Thioketal-photocage: a universal modification strategy for constructing new photochemical tools for real-time imaging in living cells.

Abstract

Photoactivable fluorescent probes (photocages) are powerful tools for studying biological processes in living cells. We report a novel class of photodegradable thioketals that serve as photo-responsive elements and apply them to xanthene dyes to design photocages for live cell imaging. Compared with traditional thioketals, these compounds demonstrate the ability to undergo deprotection upon exposure to ultraviolet-visible light, independent of photosensitizers or external oxidants and relying solely on dissolved oxygen within the solvent. This photoreaction results in a remarkable 68-fold increase in fluorescence intensity. We verify that the uncaged product is the corresponding ketone, with high-performance liquid chromatography analysis, which indicates a yield of up to 80%. Furthermore, we extend this modification strategy to xanthene dyes substituted with various heteroatoms and confirm the universal applicability of this photoactivable strategy.

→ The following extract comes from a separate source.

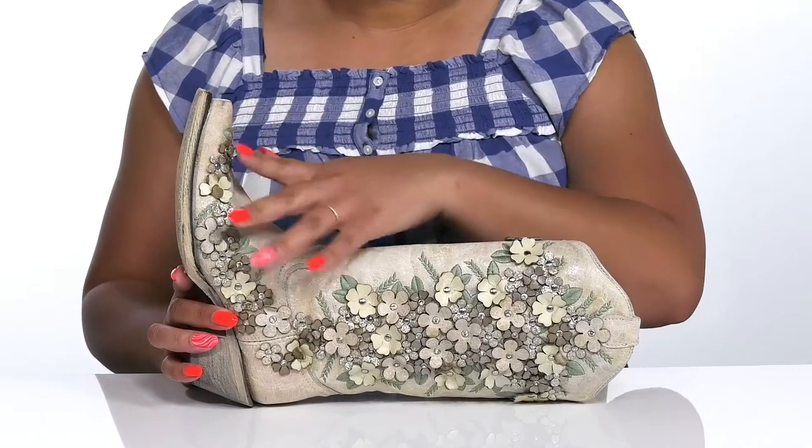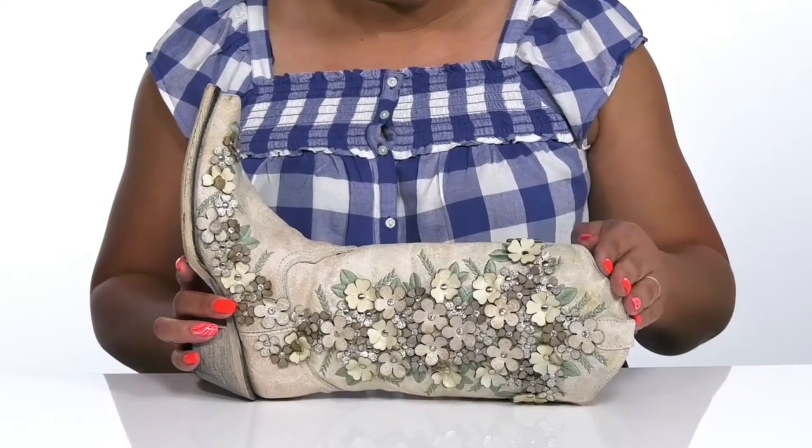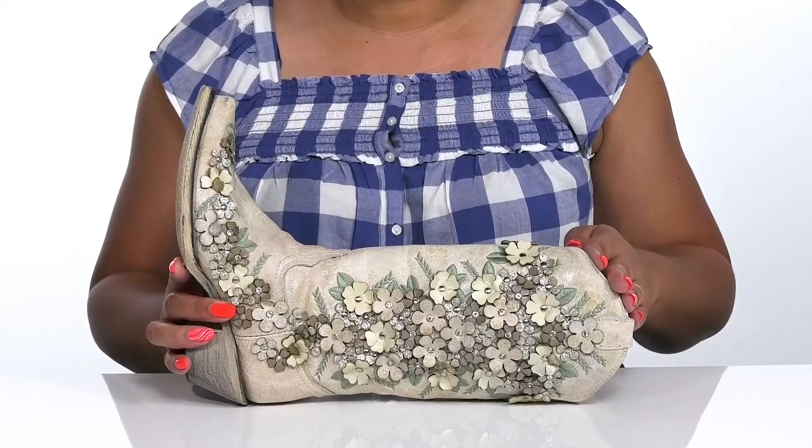They have all over floral appliques with rhinestone and metal centers, and some have shimmery finishes to give you a unique and festive look you'll want to show off all season long.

These dyes exhibit good stability against reducing agents and metal ions, with carbon and silicon xanthene photocages also demonstrating commendable dark stability against reactive oxygen species. We apply these photocages for bioimaging and further modify them for selective labeling, activation, and imaging of specific organelles and intracellular proteins within living cells. This modification strategy offers high spatiotemporal selectivity and holds promise as a powerful tool for advanced biological studies.